Aside from the actual physical damage to materials like drywall and carpeting from moisture and mold, Health Canada considers mold a potential health hazard, one that causes a number of symptoms. Eye, nose and throat irritation; coughing and phlegm build-up; wheezing, shortness of breath, plus other allergic reactions, can make a house extremely uncomfortable for the owners and their guests. In fact, Health Canada warns that “some airborne molds can cause severe infections in people with severely weakened immune systems, such as transplant recipients or people with leukemia or AIDS.”
Many molds are airborne and breathable, and therefore invisible. And because their spores reproduce easily, mold particles are more numerous in a contained indoor environment than outdoors.

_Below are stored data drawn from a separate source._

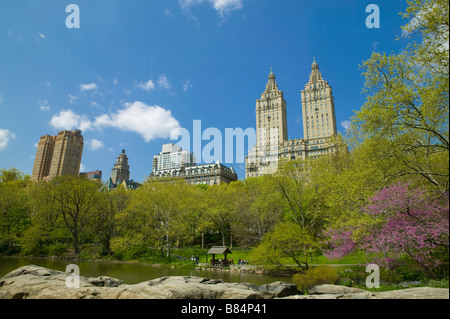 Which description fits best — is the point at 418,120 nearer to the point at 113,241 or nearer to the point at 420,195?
the point at 420,195

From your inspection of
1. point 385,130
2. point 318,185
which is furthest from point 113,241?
point 385,130

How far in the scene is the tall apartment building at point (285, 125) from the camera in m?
114

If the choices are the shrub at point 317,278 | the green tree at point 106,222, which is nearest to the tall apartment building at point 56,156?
the green tree at point 106,222

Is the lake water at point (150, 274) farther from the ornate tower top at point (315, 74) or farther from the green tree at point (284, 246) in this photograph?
the ornate tower top at point (315, 74)

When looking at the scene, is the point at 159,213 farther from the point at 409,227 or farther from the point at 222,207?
the point at 409,227

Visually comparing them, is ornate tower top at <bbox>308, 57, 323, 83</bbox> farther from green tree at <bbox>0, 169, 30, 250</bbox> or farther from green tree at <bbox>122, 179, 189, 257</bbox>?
green tree at <bbox>0, 169, 30, 250</bbox>

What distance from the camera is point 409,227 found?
582 inches

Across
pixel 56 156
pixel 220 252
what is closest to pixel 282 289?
pixel 220 252

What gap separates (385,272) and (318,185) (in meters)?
16.4

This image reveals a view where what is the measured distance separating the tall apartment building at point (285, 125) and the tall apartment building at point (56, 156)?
111148mm

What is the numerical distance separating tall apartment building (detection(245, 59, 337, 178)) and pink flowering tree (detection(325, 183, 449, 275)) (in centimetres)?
9699

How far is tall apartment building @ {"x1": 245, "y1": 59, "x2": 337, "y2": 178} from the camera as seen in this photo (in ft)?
375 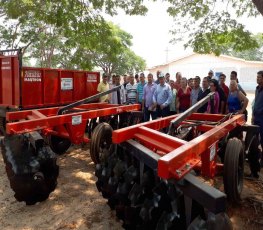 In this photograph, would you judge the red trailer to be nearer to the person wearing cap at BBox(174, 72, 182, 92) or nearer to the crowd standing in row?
the crowd standing in row

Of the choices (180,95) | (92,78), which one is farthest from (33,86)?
(180,95)

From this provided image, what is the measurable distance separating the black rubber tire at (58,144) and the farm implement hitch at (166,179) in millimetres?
2791

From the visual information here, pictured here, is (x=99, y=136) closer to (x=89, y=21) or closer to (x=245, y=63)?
(x=89, y=21)

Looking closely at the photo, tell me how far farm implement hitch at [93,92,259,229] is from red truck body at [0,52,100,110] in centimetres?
378

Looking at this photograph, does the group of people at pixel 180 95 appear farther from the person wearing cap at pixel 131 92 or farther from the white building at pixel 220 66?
the white building at pixel 220 66

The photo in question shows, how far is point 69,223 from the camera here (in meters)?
3.38

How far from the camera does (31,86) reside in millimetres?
6715

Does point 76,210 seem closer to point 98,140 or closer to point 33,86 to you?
point 98,140

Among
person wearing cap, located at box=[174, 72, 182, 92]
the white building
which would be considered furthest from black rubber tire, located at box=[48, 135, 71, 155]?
the white building

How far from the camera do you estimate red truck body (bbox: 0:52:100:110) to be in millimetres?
6480

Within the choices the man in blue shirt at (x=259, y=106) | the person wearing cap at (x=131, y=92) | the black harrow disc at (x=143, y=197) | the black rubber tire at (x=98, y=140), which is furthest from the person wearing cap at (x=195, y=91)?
the black harrow disc at (x=143, y=197)

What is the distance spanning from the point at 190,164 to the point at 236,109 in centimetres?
391

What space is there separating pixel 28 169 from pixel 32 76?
3724 millimetres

It’s the visible white or blue-ish-green mold that often first catches our attention, however, and these can cause most of the health symptoms listed above. If you like Latin, you’ll appreciate the varieties: aspergillus, cladosporium, and penicillium. However, don’t confuse mold with efflorescence; that’s merely the end result of water that has wicked through concrete and evaporated, leaving behind white salt deposits. Efflorescence can be easily removed and poses no health hazard in itself. Still, it can be a warning sign of moisture penetration that can lead to mold.
No matter what the fancy scientific name, mold must be dealt with, and thoroughly. If you encounter mold when renovating a basement, don’t just cover it up. The existing mold must be removed or the spores will simply reproduce, spread, and ruin your new work. Affected drywall, ceiling tiles and carpeting must of course be removed completely, along with perhaps some wood studs and joists.
Removing mold from concrete is a bit trickier. There are various products on the market that are very effective. Care must be taken not to spread the mold rather than removing it. Caution must be used; wear gloves and a mask for protection. Applying a sealant to the concrete after treatment is a good idea too.
If the area of visible mold is larger than 10 square feet, some government authorities like the U.S. Environmental Protection Agency recommend bringing in a professional with the right products, techniques and safety procedures.